От обиды, от жгучей боли все в Марии горело, туманилась, как в бреду, голова. Черными проклятиями кляла она ненавистного капитана, уткнувшись в подушку, задыхалась от собственного бессилия, чувствуя, что ни перед чем сейчас не остановилась бы ее обезумевшая от горя душа. Наверное, если бы могла отсюда достать до вышки, сама загасила бы перед ним огонь маяка, чтобы ослеп он там, этот обманщик, чтобы в щепки разнесло его судно и его самого.

Но когда сквозь шум моря внезапно донесся до ее слуха едва слышный гудок, Мария сразу встрепенулась, посветлела, будто темная волна гнева мгновенно отхлынула от ее сердца: такой гудок мог подать и «Боцман Лелека».

— Мария, вы слышите? — испуганно обернулась к ней от окна Ксана. — Как будто прогудело где-то вдали…

Еще за минуту до этого испуг соперницы только порадовал бы Марию, но сейчас она промолчала, втайне разделяя тревогу Ксаны. Почти с горечью Мария вдруг поняла, что далекий глухой гудок снова взволновал ее, как волновал и прежде, что под всеми обидами другое чувство живет в ней с неугасающей силой.

Рывком открылась дверь, растерянный Дема вырос на пороге.

— Мария… ты не припомнишь, на какую погоду поставлен регулятор?
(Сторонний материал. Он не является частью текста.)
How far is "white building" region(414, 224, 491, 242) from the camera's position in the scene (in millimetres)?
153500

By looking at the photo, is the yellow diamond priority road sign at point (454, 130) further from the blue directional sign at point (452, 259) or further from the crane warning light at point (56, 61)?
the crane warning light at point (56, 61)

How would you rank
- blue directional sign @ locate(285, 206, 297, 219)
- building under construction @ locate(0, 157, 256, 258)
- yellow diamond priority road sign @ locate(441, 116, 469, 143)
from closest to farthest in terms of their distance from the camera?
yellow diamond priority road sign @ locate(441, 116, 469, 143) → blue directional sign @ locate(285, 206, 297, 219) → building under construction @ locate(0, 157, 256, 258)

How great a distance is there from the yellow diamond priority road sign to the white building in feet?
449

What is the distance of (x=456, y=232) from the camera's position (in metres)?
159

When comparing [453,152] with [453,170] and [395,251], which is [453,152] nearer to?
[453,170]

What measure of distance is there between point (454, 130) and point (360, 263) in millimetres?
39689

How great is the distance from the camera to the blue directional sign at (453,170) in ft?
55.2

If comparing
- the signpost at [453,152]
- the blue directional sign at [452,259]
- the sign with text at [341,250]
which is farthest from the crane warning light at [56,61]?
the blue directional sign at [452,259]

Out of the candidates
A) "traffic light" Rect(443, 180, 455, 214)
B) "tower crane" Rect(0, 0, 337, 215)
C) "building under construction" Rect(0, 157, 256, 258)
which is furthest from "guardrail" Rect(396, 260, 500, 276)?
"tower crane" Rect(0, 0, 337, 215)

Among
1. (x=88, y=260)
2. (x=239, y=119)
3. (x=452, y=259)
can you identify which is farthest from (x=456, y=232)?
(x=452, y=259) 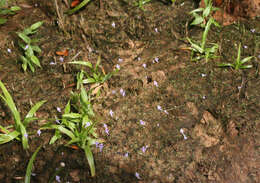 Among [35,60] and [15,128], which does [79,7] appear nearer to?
[35,60]

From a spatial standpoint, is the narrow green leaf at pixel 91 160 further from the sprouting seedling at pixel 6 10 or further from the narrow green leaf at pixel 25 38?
the sprouting seedling at pixel 6 10

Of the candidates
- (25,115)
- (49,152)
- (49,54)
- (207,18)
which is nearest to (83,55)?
(49,54)

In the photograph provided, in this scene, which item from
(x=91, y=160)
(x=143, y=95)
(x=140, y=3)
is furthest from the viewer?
(x=140, y=3)

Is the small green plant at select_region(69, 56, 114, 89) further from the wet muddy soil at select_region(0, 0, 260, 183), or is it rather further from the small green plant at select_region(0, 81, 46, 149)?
the small green plant at select_region(0, 81, 46, 149)

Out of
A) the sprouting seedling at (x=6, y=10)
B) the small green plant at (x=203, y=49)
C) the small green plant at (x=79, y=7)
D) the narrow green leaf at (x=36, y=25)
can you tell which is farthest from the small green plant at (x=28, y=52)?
the small green plant at (x=203, y=49)

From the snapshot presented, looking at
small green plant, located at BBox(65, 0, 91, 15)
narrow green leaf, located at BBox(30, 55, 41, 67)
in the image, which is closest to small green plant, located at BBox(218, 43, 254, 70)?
small green plant, located at BBox(65, 0, 91, 15)

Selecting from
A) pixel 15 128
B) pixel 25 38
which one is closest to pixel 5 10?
pixel 25 38

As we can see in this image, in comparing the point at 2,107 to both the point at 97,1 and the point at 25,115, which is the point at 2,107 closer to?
the point at 25,115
— На тепло, конечно… А что?

— Было на тепло, а теперь, видишь, похолодало…

Дема что-то явно не договаривал. Мария поднялась на локте, впилась в парня глазами.

— Говори!

— Да видишь ли… — Дема сокрушенно махнул зажатым в кулаке гаечным ключом, — регулятор заело.

Мария лучше, чем кто-нибудь другой, понимала, что это значит для маяка, но еще сама не хотела себе верить… В эту минуту Ксана пронзительно закричала у окна:

— Мария! Маяк погас!.. Что же это такое?!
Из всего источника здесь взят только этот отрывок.